Nell’adunanza plenaria del 22 ottobre, svoltasi in modalità telematica, il Consiglio Superiore della Pubblica Istruzione (CSPI) ha espresso, a maggioranza, due pareri riguardanti altrettanti decreti sulla filiera formativa tecnologico-professionale, formulando osservazioni e proposte.
Con riferimento al primo decreto MIM, il CSPI apprezza l’obiettivo di dare stabilità e coerenza alla filiera tecnologico-professionale, con tempi e modalità certe per la presentazione dei progetti e un’offerta formativa integrata sul territorio. Evidenzia il limite di tre percorsi quadriennali e tre percorsi IeFP per ciascuna filiera, riferiti a un massimo di tre istituzioni scolastiche e tre strutture formative accreditate, salvo accordi particolari tra USR e Regione.
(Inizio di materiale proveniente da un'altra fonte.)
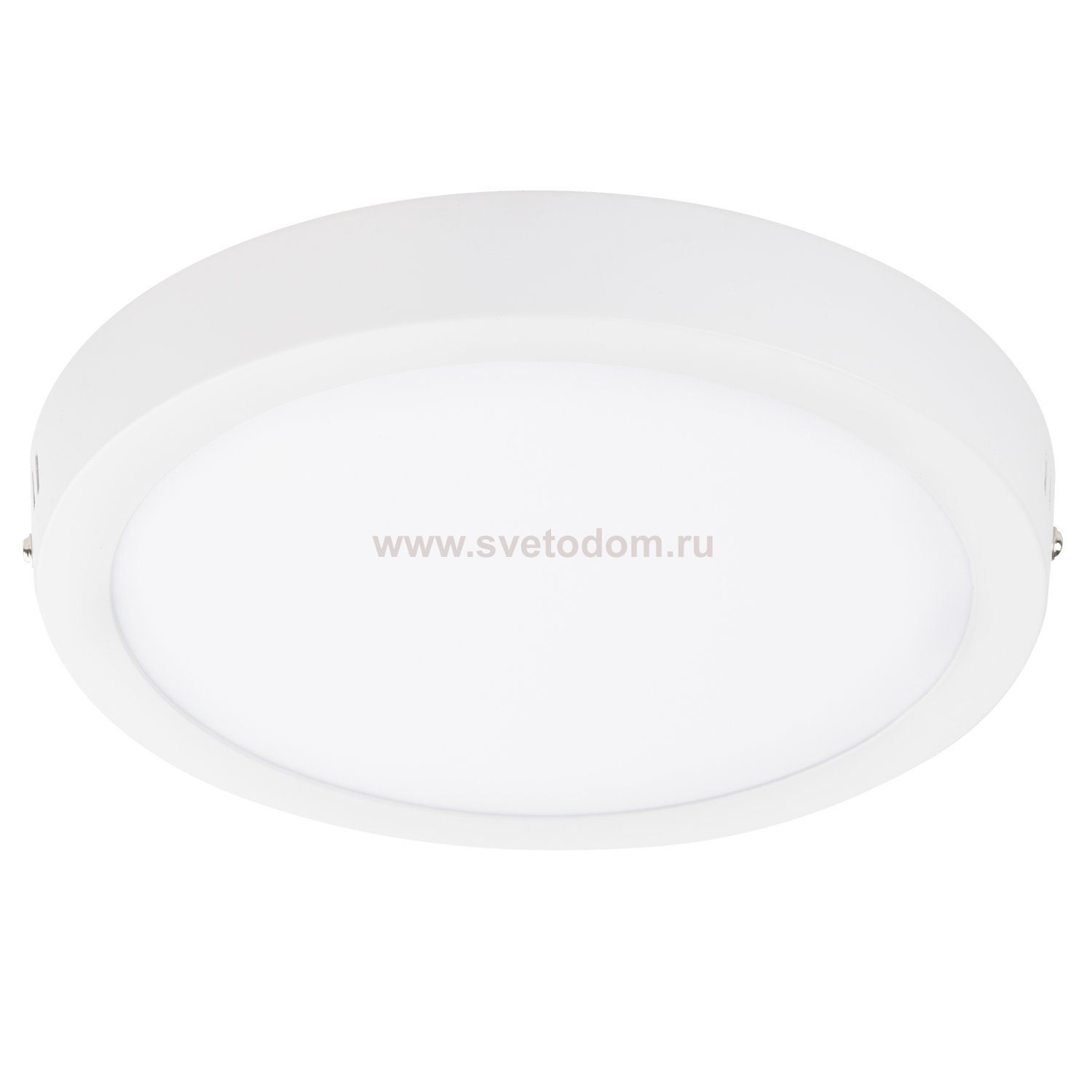 Светодиодная панель Zocco Lightstar 323182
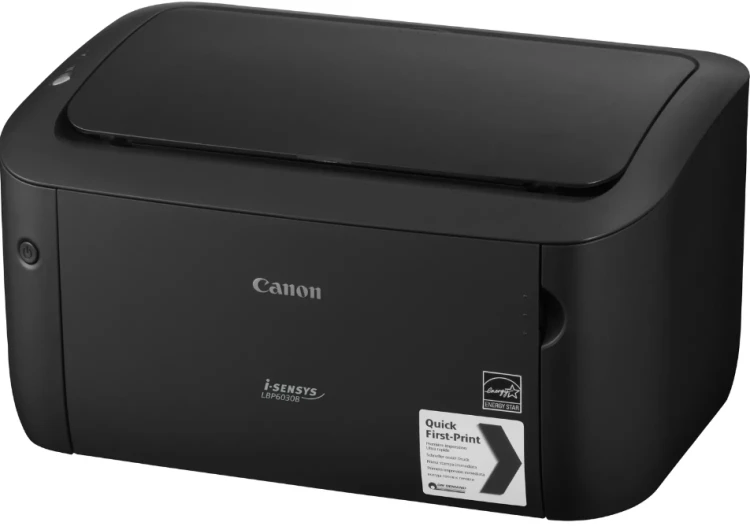 Drukarka Canon I-SENSYS LBP6030B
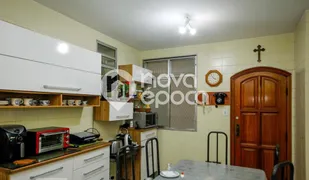 Apartamento com 4 Quartos à venda, 235m² no Copacabana, Rio de Janeiro - Foto 21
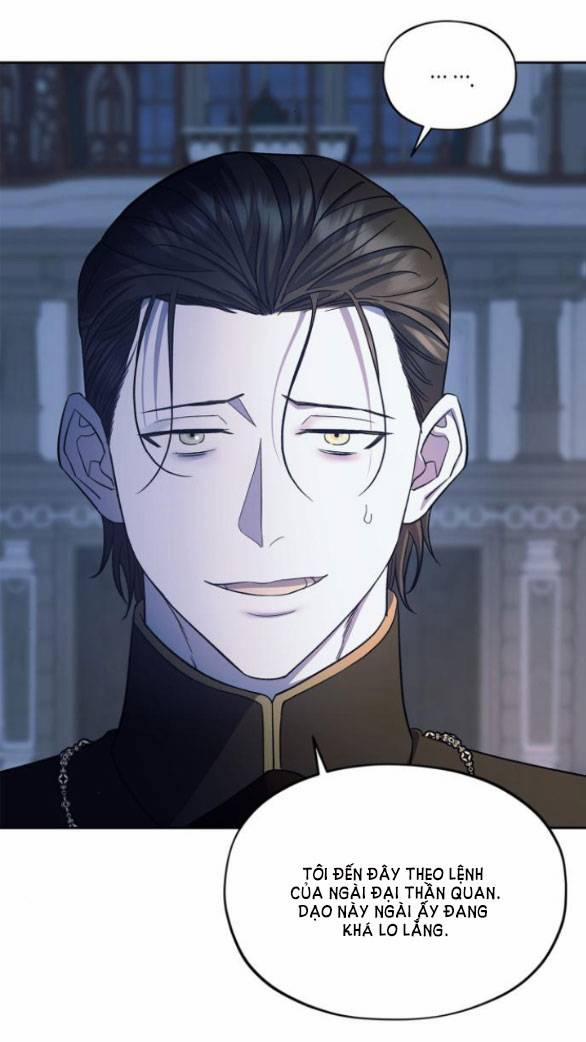 Mong Chờ Giây Phút Thiêng Liêng Được Chạm Tới Người 43.1 trang 7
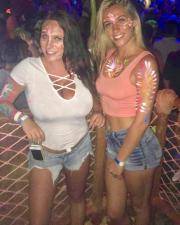 Babe Picture 2555401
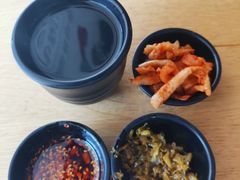 -云味馆·云南菜·云南米线(沙井华润店)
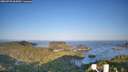 ./images/calvert/lookout/20260720/lookout20260720_065001M.jpg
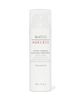 NATIO Ageless Ex Firm Moist Treat.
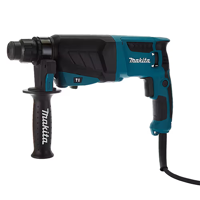 uae/images/productimages/fepy/demolition-hammer/makita-hr2630-26mm-800w-3-mode-combination-hammer.webp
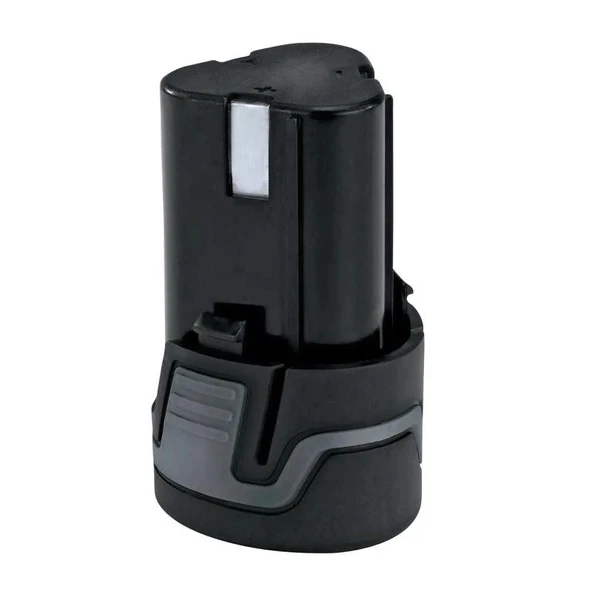 Einhell TE-CD 12 Li Çift Akülü Vidalama - Resim 6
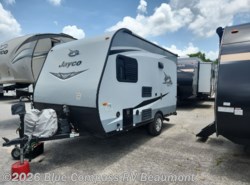 Used 2021 Jayco Jay Flight SLX 7 145RB available in Vidor, Texas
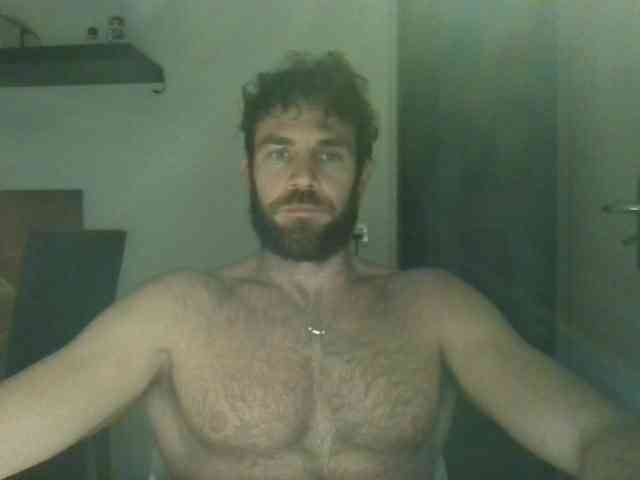 alphah-hunk alphah-hunk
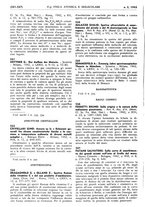 giornale/TO00178242/1943/unico/00000186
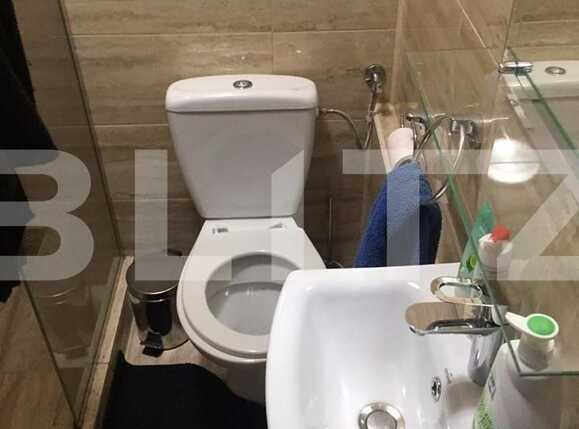 Apartament de vânzare 3 camere Semicentral - 24962AV | BLITZ Cluj-Napoca | Poza13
Il CSPI valuta positivamente anche l’intenzione di rafforzare i rapporti con le aziende e realtà produttive locali tramite partenariati per co-progettare l’offerta formativa e favorire esperienze di scuola-lavoro e apprendistato; e infine sottolinea l’importanza di garantire la continuità delle dotazioni organiche delle scuole, ma propone di prevedere ulteriori risorse per aspetti strategici come la formazione on the job, l’internazionalizzazione e i contratti di prestazione d’opera.
In relazione al secondo decreto, il CSPI osserva che, all’art. 2, comma 2, sarebbe più appropriato specificare che il Comitato di monitoraggio operi per verificare a livello nazionale le attività svolte e le competenze sviluppate dalle istituzioni scolastiche, in relazione al profilo in uscita previsto per ciascuna filiera.